How to efficiently dig out effective information in the internet, a plurality of difficult problems are faced in network monitoring, for example, users have higher and higher intellectualization to network monitoring, and a hotspot obtained from a small amount of data text is not in accordance with modern network monitoring; in the process of data mining, the user faces no more simple and small amount of text information … …, and the hot topic detection technology is taken as a data mining technology which can automatically discover and organize semantic association of network information and help the user to quickly acquire a network information overview, and has attracted strong attention in academia and industry in recent years.
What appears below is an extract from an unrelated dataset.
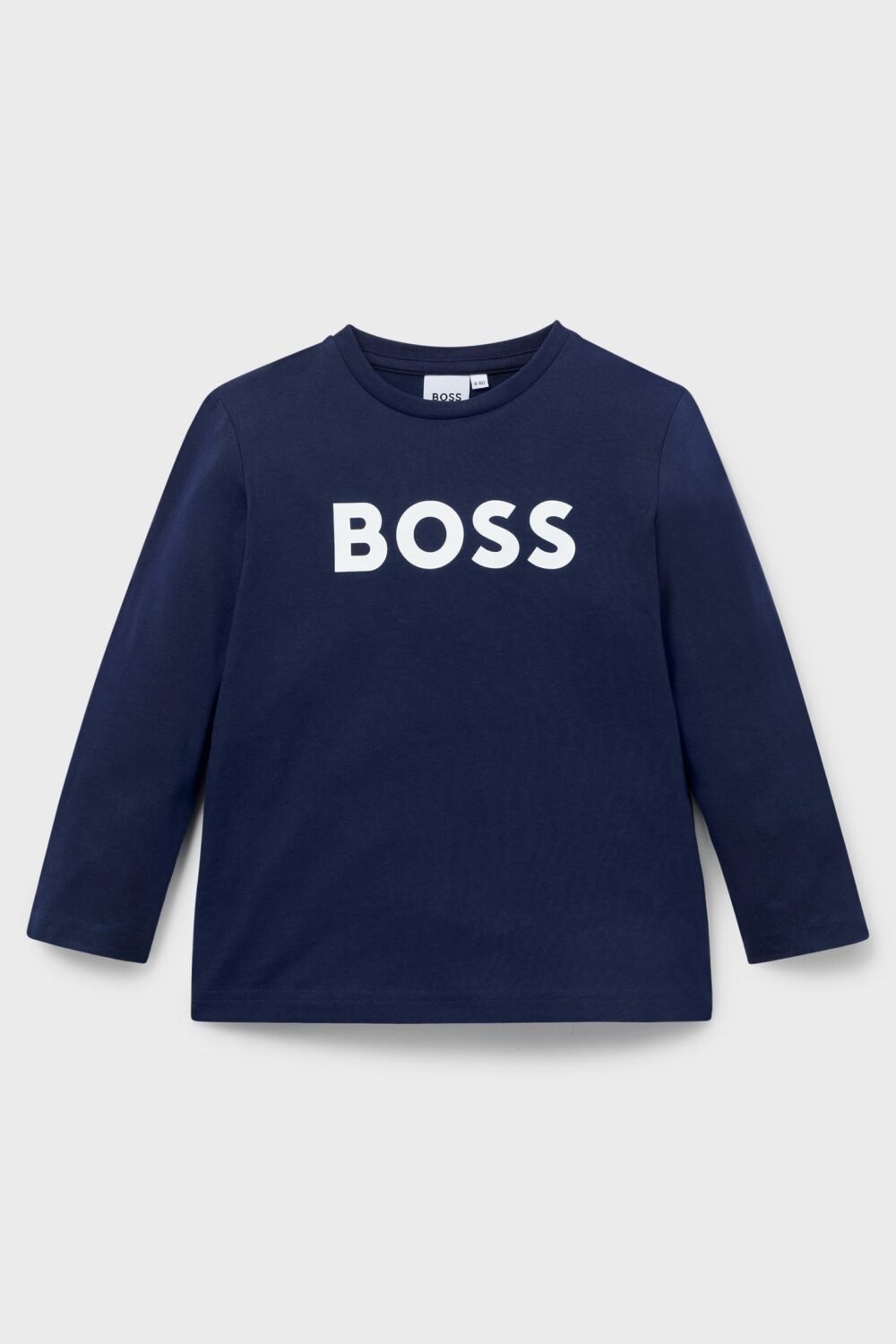 shop_ragazzo_tshirtragazzo_boss_bosj25p25rss25_16348_14_4_hd.jpg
As a research hotspot which is concerned in the field of information processing, public opinion topic detection and tracking technology takes news media information streams as research objects in the early development stage, finds new information which is interesting to users and tracks the information by monitoring news-described topics, and finally organizes news related to a certain topic and presents the news to the users in a certain mode. Since social media have been increasingly popular due to rapid development of computer technology and widespread popularization of the internet, researchers have focused on social media forms such as blogs, mails, communities, and forums, which are representative of these times. Different from language normalization and content effectiveness of news reports, social media text content is high in randomness, is full of a large amount of worthless information, and is low in relevance among documents. In the face of mass internet information which is continuously emerging, simple manual supervision is difficult, traditional hot topic finding technologies aim at a small amount of text and little text content, hot detection means generally search from known topics, if the existing hot topic is added into an original hot topic, so that the hot degree of the original hot topic is improved, and subsequent tracking is performed. However, the detection and tracking technology is directed to a small number of documents, and if a large amount of internet information is faced, the traditional topic detection technology is adopted, so that the practical application requirement of detecting the hot spot topic in the massive and continuous information stream is difficult to meet, even if the detection is realized, the time complexity is very high, the time delay is very obvious, the energy of a user is very limited, and the useful knowledge of the related topic cannot be obtained by reading all the documents.

Disclosure of Invention

The invention aims to overcome the defects of the prior art and provides a method for extracting hot topics based on keywords, wherein the hot topics are extracted based on the keywords, and discovery and tracking of the hot topics every day are realized.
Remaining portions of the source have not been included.